The operation took place in July. Rhys went home in October and just before Christmas the family sent doctors a thank-you video, with Rhys already bearing no resemblance to the weak infant he had been and taking some uncertain steps toward the camera.

About six weeks ago, Mr and Mrs Evans stopped treating him with injections of immunoglobulin to boost the antibodies in his body. By February, his blood results were almost normal. Rhys is still on antibiotics but will not be indefinitely.

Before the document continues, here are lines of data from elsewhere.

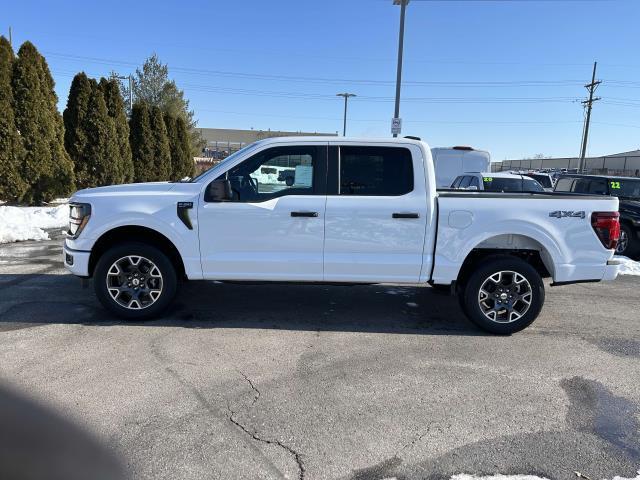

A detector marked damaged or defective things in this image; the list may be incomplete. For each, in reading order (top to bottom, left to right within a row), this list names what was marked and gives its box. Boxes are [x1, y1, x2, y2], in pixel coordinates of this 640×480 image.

crack in pavement [226, 400, 306, 480]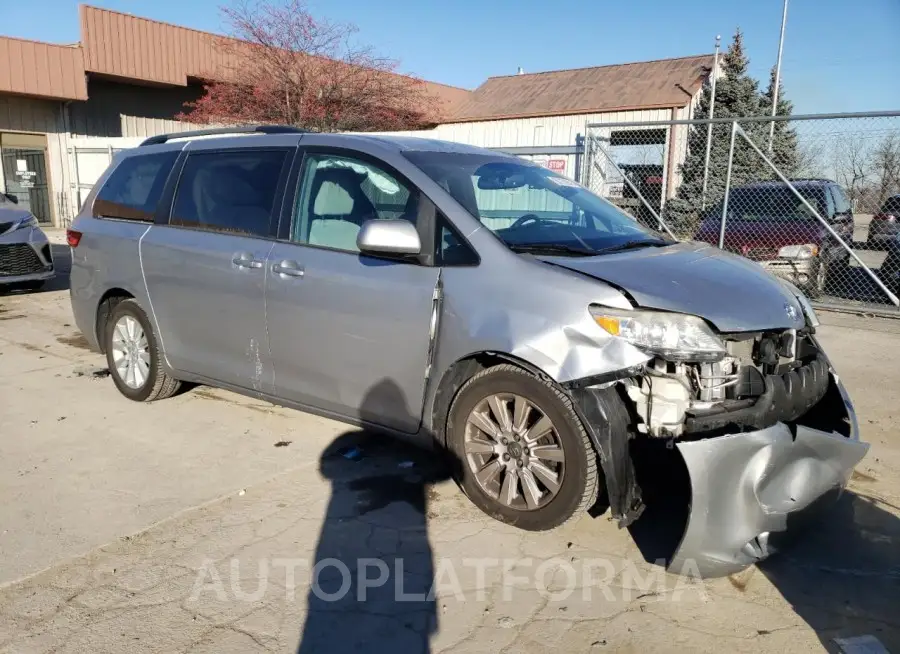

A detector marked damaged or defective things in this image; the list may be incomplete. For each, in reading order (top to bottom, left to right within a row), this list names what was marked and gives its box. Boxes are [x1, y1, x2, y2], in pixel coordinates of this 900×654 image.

detached front bumper [672, 368, 868, 580]
crumpled bumper cover [672, 376, 868, 576]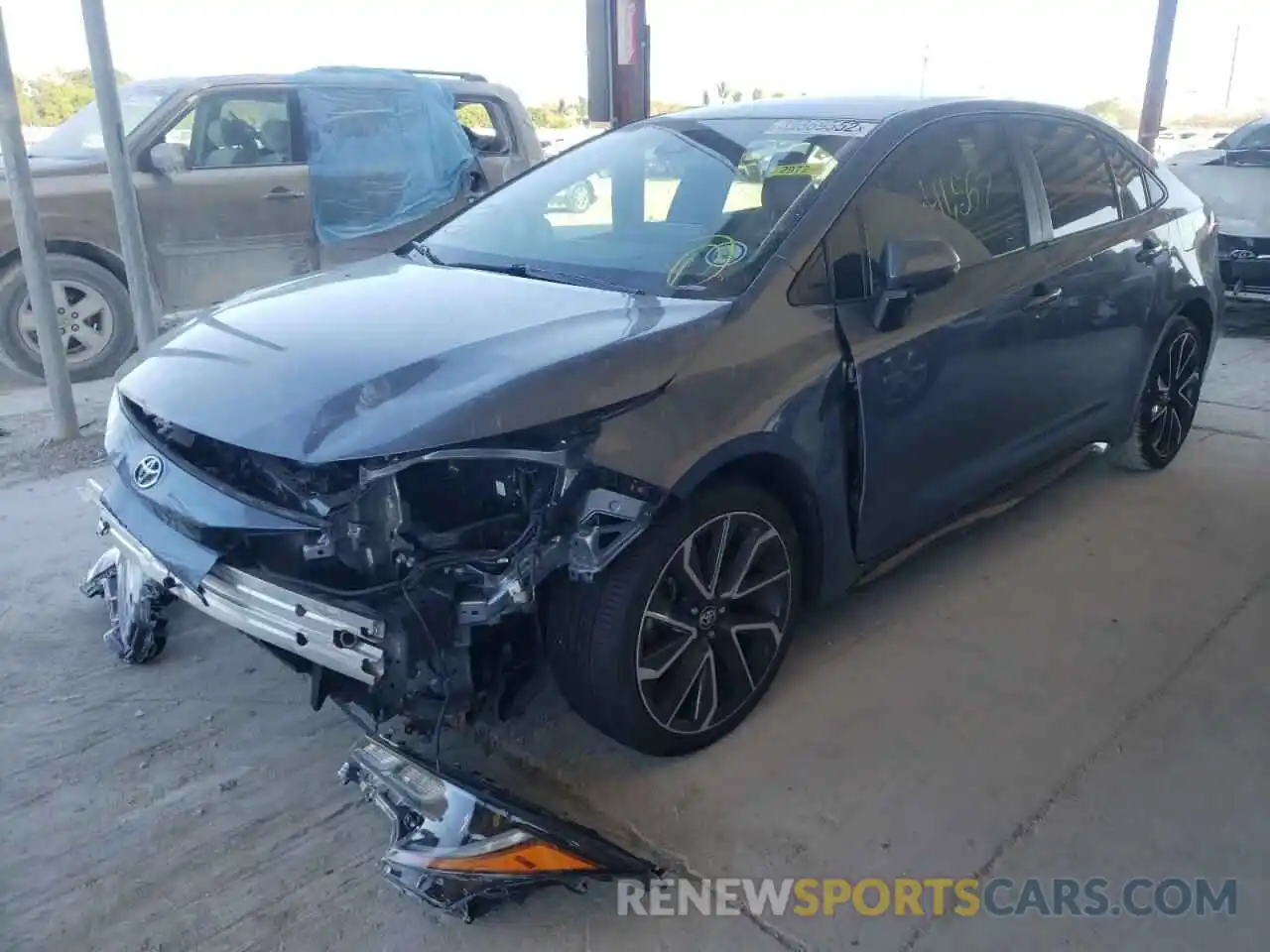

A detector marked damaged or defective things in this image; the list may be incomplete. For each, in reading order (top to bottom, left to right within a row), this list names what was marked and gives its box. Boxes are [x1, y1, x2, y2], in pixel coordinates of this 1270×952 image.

Mrs Evans, 31, a teacher, said she and her husband had been devastated when they first learned of Rhys's condition. Before the treatment, he had been cut off from the normal world in a clinically clean room where he could only be visited under strict supervision. She remembered too the awful early months of his decline, his sickness, his diarrhoea. "He just fell off the side of a cliff," she said, as she recalled a day in April she had to take him to the Cardiff hospital.

"It was an incredible shock when we first found out Rhys had a genetic condition. Now we are living at home like a normal family. He's been to the park to play in the sand and get into mischief and we never thought that was going to happen. He can walk and run around like any toddler can. He is catching up so quickly. His progress seems nothing short of a miracle."

Adrian Thrasher, who led the gene therapy team, said there were no complications. "We are very relieved. We are ecstatic." He was not however as prepared as the hospital's public relations team to call it a cure. "We cannot say it is a cure until 50 years down the line or 70 years down the line and we know Rhys's immune system is restored for life." But he added that the team was confident the treatment was at least as good as a conventional bone-marrow transplant.

"We've been working in gene therapy for many years in the lab and it is great to take that work into the clinic and see some therapeutic success."

Another boy aged 10 months underwent the treatment at the hospital about 12 weeks ago. Soon three or four a year might be getting it.

Much of the work has been made possible by a charity initiative called Jeans for Genes, which has raised more than £12m for research into children's genetic diseases since it was launched in 1996. This year's target is £2.5m, much of it being raised from a special day on October 4 when thousands of people are expected to wear jeans to work or school and donate £1 each to the appeal.